WHAT THIS TASK INVOLVES: What are the lines from the one containing "Senegal Electric Power" through the last line of the records below? Return them exactly, leaving out pictures.

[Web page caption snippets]
○ ○ ○

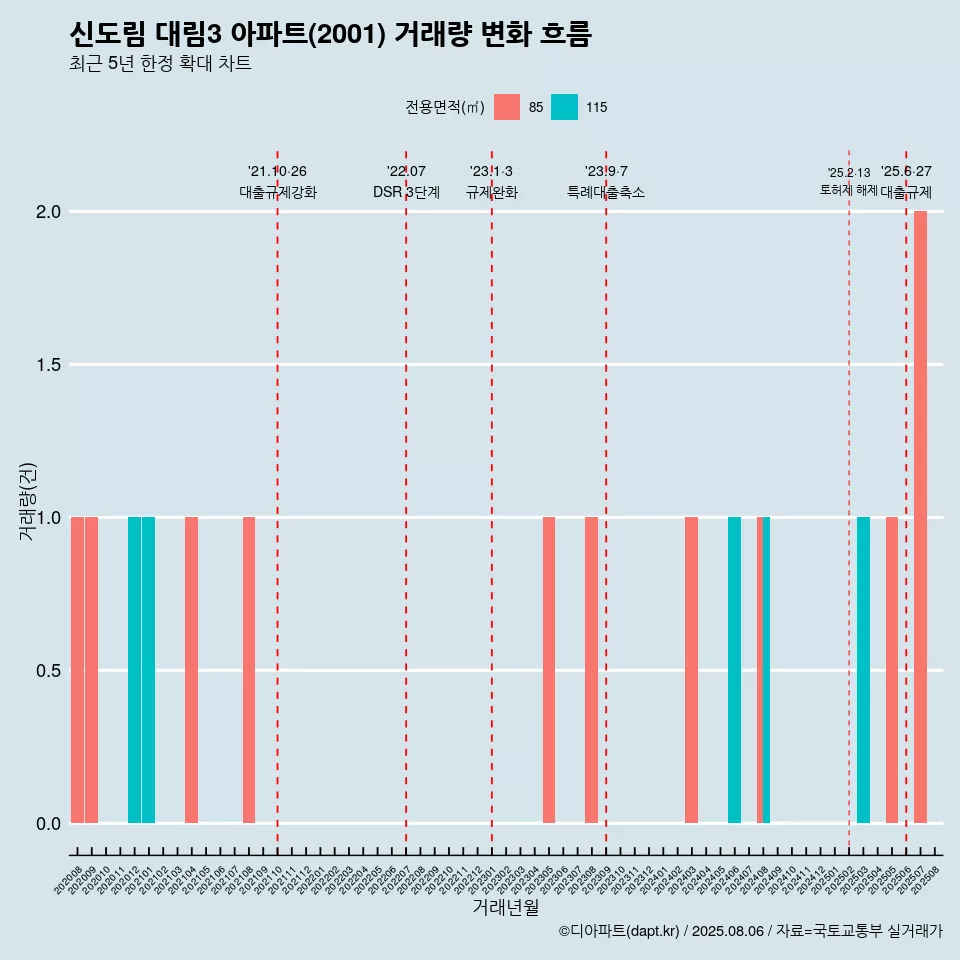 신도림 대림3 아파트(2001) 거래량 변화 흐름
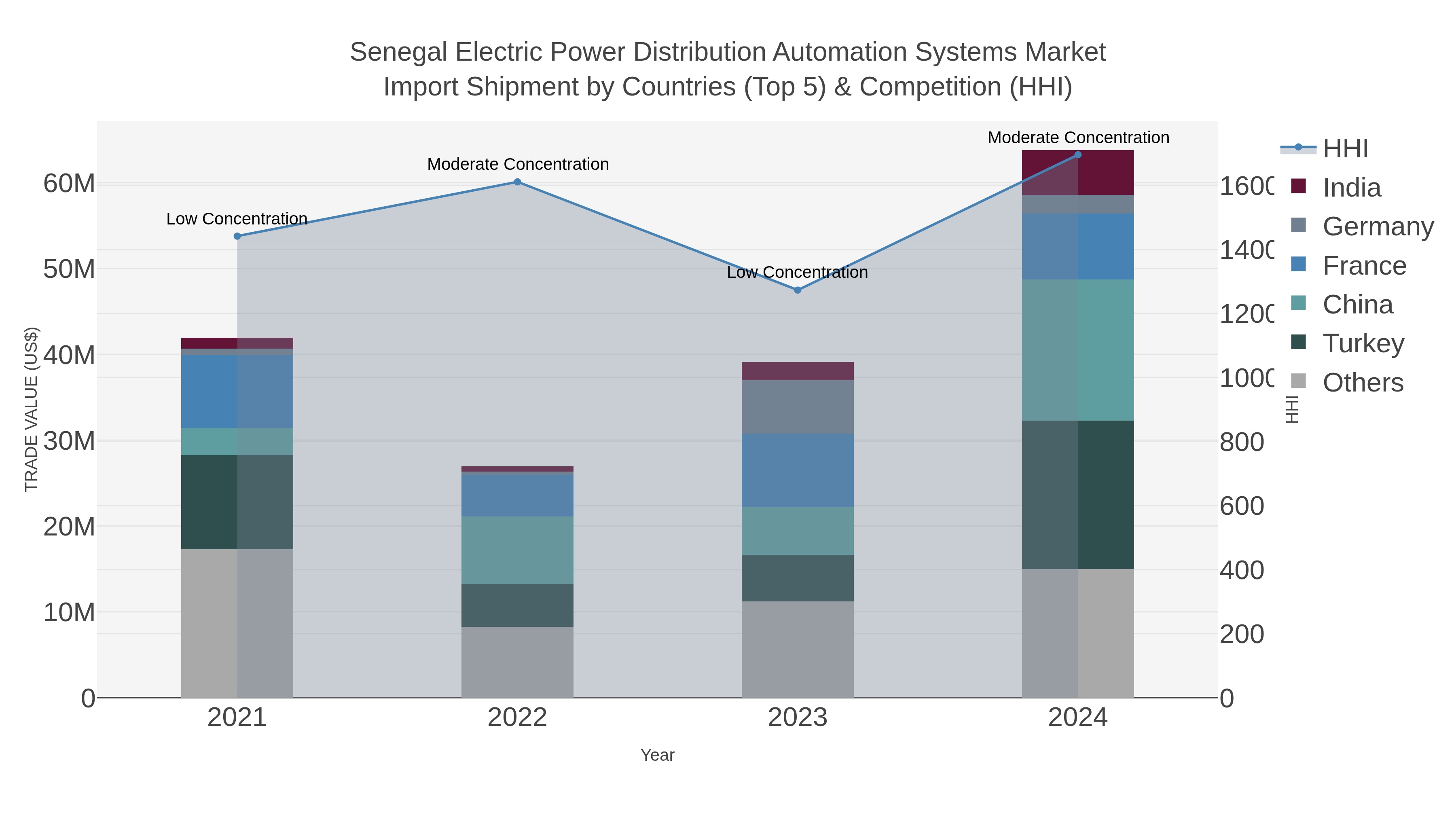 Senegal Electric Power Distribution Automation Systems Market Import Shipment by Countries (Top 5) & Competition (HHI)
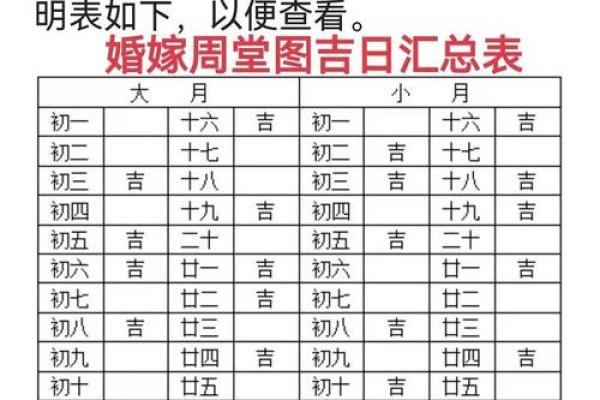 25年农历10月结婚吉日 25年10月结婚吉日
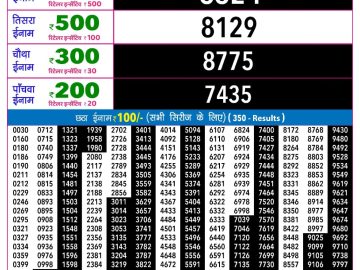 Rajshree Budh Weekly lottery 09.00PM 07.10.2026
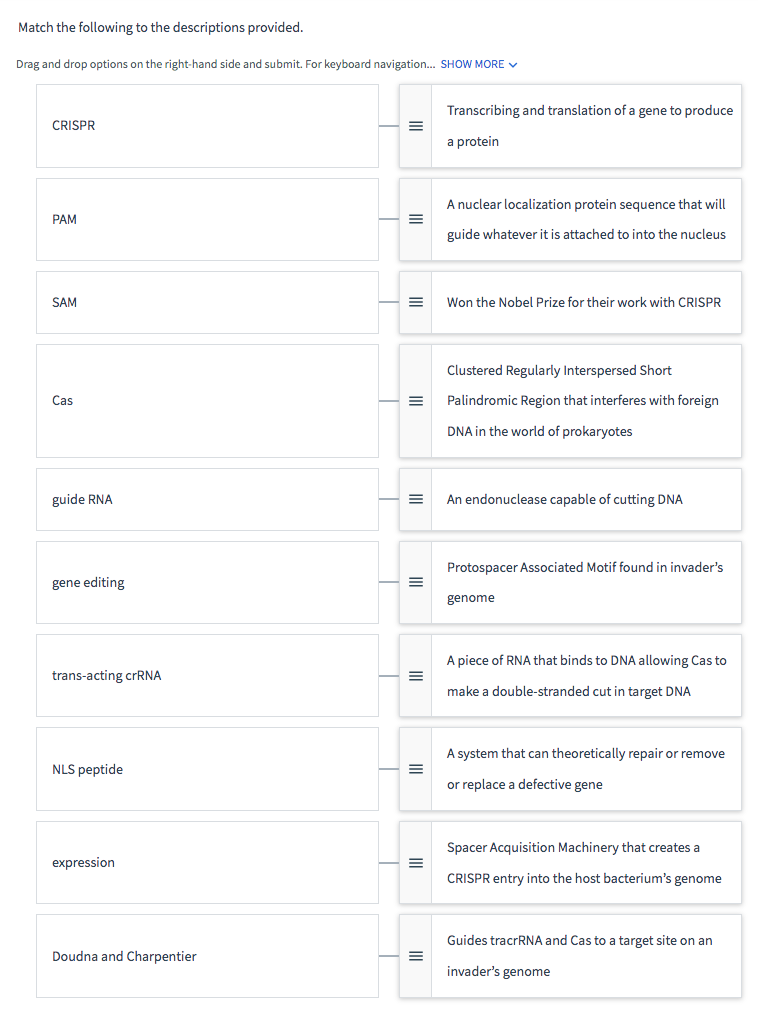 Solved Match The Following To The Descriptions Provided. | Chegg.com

○ ○ ○

TASK SOLUTION:
 Senegal Electric Power Distribution Automation Systems Market Import Shipment by Countries (Top 5) & Competition (HHI)
 25年农历10月结婚吉日 25年10月结婚吉日
 Rajshree Budh Weekly lottery 09.00PM 07.10.2026
 Solved Match The Following To The Descriptions Provided. | Chegg.com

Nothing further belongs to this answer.